Shadow Secretary of State David Willetts expressed doubt that Labour is delivering on its promise of boosting internships. As so often, the minister – in this case David Lammy, Minister of State for Higher Education and Intellectual Property – played an old trick. He accused an Opposition spokesman of scaremongering when in fact he was doing his job: holding the Government to account.
"The Minister referred to his national internship scheme. Will he confirm that after I spent a Saturday afternoon chasing him round the TV studios, it became clear that there is no Government-funded national internship scheme and that the companies that he has identified as providing internships made it clear that no extra internships were intended on top of the ones already announced?
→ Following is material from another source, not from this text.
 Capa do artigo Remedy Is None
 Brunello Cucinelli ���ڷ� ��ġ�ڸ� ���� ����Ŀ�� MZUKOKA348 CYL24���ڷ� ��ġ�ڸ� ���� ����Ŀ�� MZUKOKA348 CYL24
Will he also confirm that the Government made a clear commitment to review the student loan regime, that the review will take place this year and that the review of student finance will look forward to ideas for the future and not simply be historical?
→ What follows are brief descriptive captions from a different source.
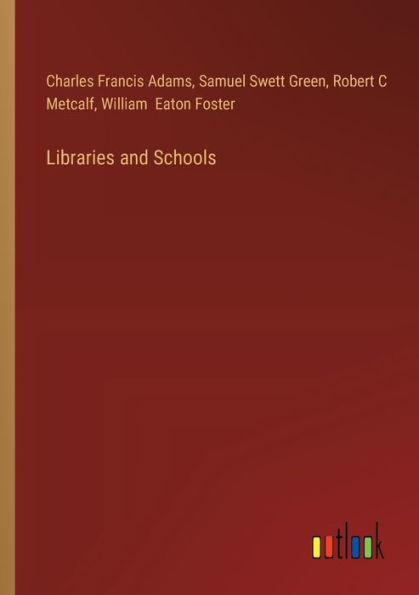 Libraries and Schools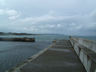 Photo ID: 003965, Bray harbour (33Kb)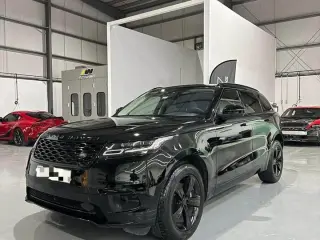 2020 Land Rover Range Rover Velar in Dubai used car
Mr. Lammy: The first thing to say is that we are doing all we can to work with employers, careers services in universities, the National Union of Students and students themselves to ensure that students have the best choice and the best portfolio of things they can do when they graduate in the autumn. That compares very well with what was effectively the youth training scheme—YTS—when the Conservatives were in power; nothing was offered then. [Interruption.] The internship scheme was begun in a conversation that the Secretary of State had before Christmas with Microsoft, Barclays and others. I have continued those conversations—indeed, I was talking to Barnado’s just yesterday. So, there will be an increase in internships later in the year, and that will happen alongside the career development loans and all the other things that will be on offer at the end of the year. As the president of the NUS has said, this is not a time for panic; it is a time for proper information. I would ask the hon. Gentleman to bear that in mind when he is making public statements."
Mr Lammy changed the subject when asked a tricky question by Deputy Opposition Chief Whip Andrew Robathan:
"Mr. Robathan: When I went to Oxford university some 39 years ago in 1970— [ Interruption. ]
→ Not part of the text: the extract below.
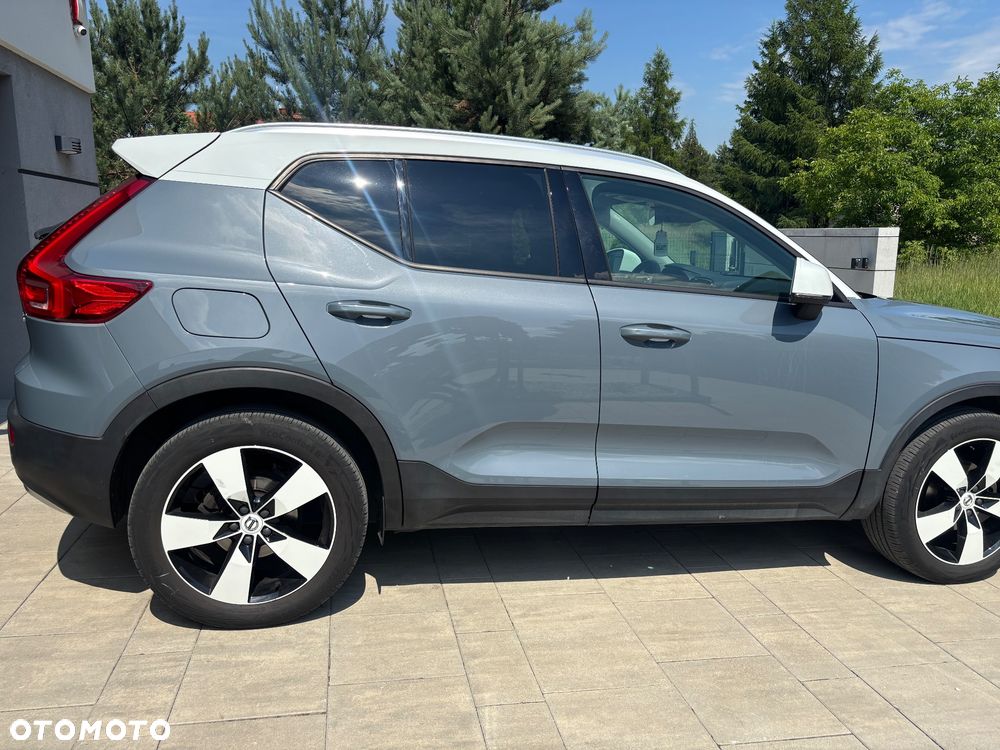 Volvo XC 40 - 5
Mr. Robathan: A very young thing. In 1970, the proportion of undergraduates at Oxford and Cambridge who were educated in state schools was higher than it is now. Given that all students at university today have had the majority of their education under this blessed Labour Government, to what does the Minister attribute that almost incredible, somewhat depressing and somewhat shameful statistic?
Mr. Lammy: I do not recognise the statistic. This year there has been a 7.4 per cent. rise in the number of students from poorer backgrounds attending our universities. That must be a good thing. I think that increase is the result of the Aimhigher programme and the Aimhigher associates programme, which brings students back into schools and into their local communities to encourage other students to go into education. It is also the result of the work that the universities are doing through summer schools and classes with parents and students, all of which are designed to ensure that we get better equity across the system in this country. I hope that the hon. Gentleman is not suggesting that the system is perfect or that it was perfect when he went to university. There is much that we can do and it ought to be a cross-party issue."
Mr Robathan had specifically asked about Oxford and Cambridge
the only universities that matter.
Mr Lammy scored an unenviable hat-trick when his response to Shadow Minister John Hayes was ruled out of order by the Speaker:
"Mr. John Hayes (South Holland and The Deepings) (Con): Broadening access to higher education is critical to promoting the social justice that Conservatives crave, but social mobility has stalled since 1997. Although £2 million a year is spent on widening access, the participation rate of working-class children has risen by just 1 per cent. The report that the Secretary of State commissioned from Christine King, which he dismissed as provocative, says that flexible funding and learning is central to improving access. Surely we must build on the work of the Open university, Birkbeck and others who provide flexible learning; so will the Minister say whether the Government will back Professor King’s recommendations? One does not have to be Mastermind to recognise that flexible learning is the key to improving access.
Mr. Speaker: Order. I think that a few hundred words have been said about the Conservative party policy, and that must cease. It is for the Conservatives to let the world know about their policies, not Ministers."